被災3県海水浴場、復活足踏み 復旧工事も影響

東日本大震災で被災した岩手、宮城、福島各県の海水浴場の復活が進まない。18日から海開きが本格化する今夏、新たな再開予定はない。防潮堤などの復旧工 事が続いていたり、砂浜消失が深刻だったりするためで、それぞれの浜に夏のにぎわいが戻るのは、まだ時間がかかりそうだ。

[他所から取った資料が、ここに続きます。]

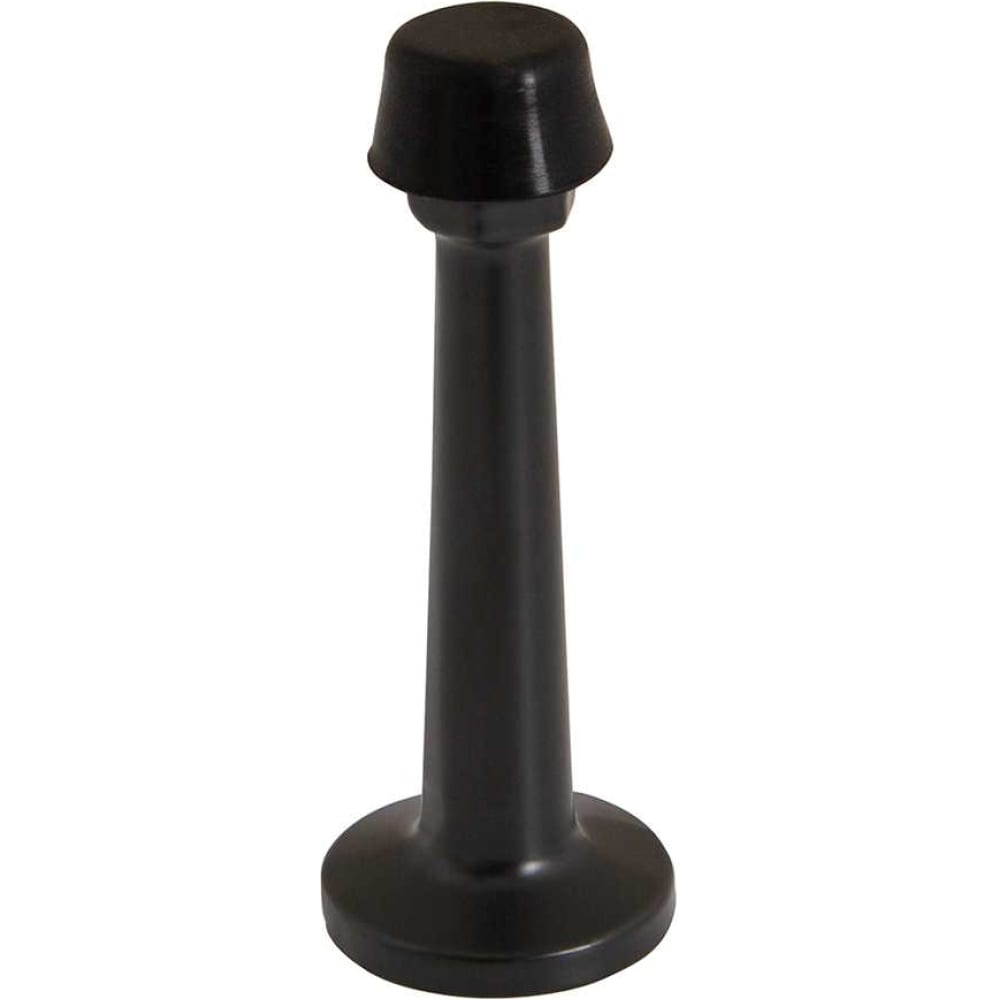 

FUARO Упор дверной настенный STOPPER/15 (DS-15) BL-24 черный 43251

3県の市町村などによると、この夏に開設される海水浴場は図の通りで、岩手7、宮城5、福島2の計14カ所。13年に再開した月浜(東松島市)は、堤防などの工事で安全確保が難しいと判断して、ことしは見送った。
長須賀(宮城県南三陸町)、鬼ケ浜(塩釜市)は、自治体ではなくボランティアなどが運営する。
このほか、石巻市北上町の白浜海水浴場がおととしと昨年に続き、2日間限定(8月8、9日)で海開きを行う。
震災前、海水浴場は3県に約70カ所あったが、多くで再開のめどが立たない。
約1.5キロの海岸線が続いた釜石市の根浜海岸は、津波や地盤沈下で83万立方メートルの砂が失われた。市は自然再生で360年以上かかると試算。砂を盛るなどして部分的な復旧を検討するが多額の費用が必要で、岩手県や国に財政措置を求める考えだ。
気仙沼市は、宮城県内有数の集客を誇った大谷海水浴場など3カ所が利用できない。市は「緊急避難場所なども未整備。防潮堤などの工事が終わらないと再開は難しく、震災前のリピーターがほかに離れていかないだろうか」と懸念する。
小規模な海水浴場では、地元住民が高台移転して管理できなくなったケースもある。東京電力福島第1原発事故による避難指示区域は、住民が帰還すらできていない。

仙台管区気象台によると、18日からの3連休期間の東北地方は、湿った気流や、台風11号から変わる見通しの低気圧の影響で曇りや雨。最高気温、最低気温ともに平年並みか平年より高くなる見込み。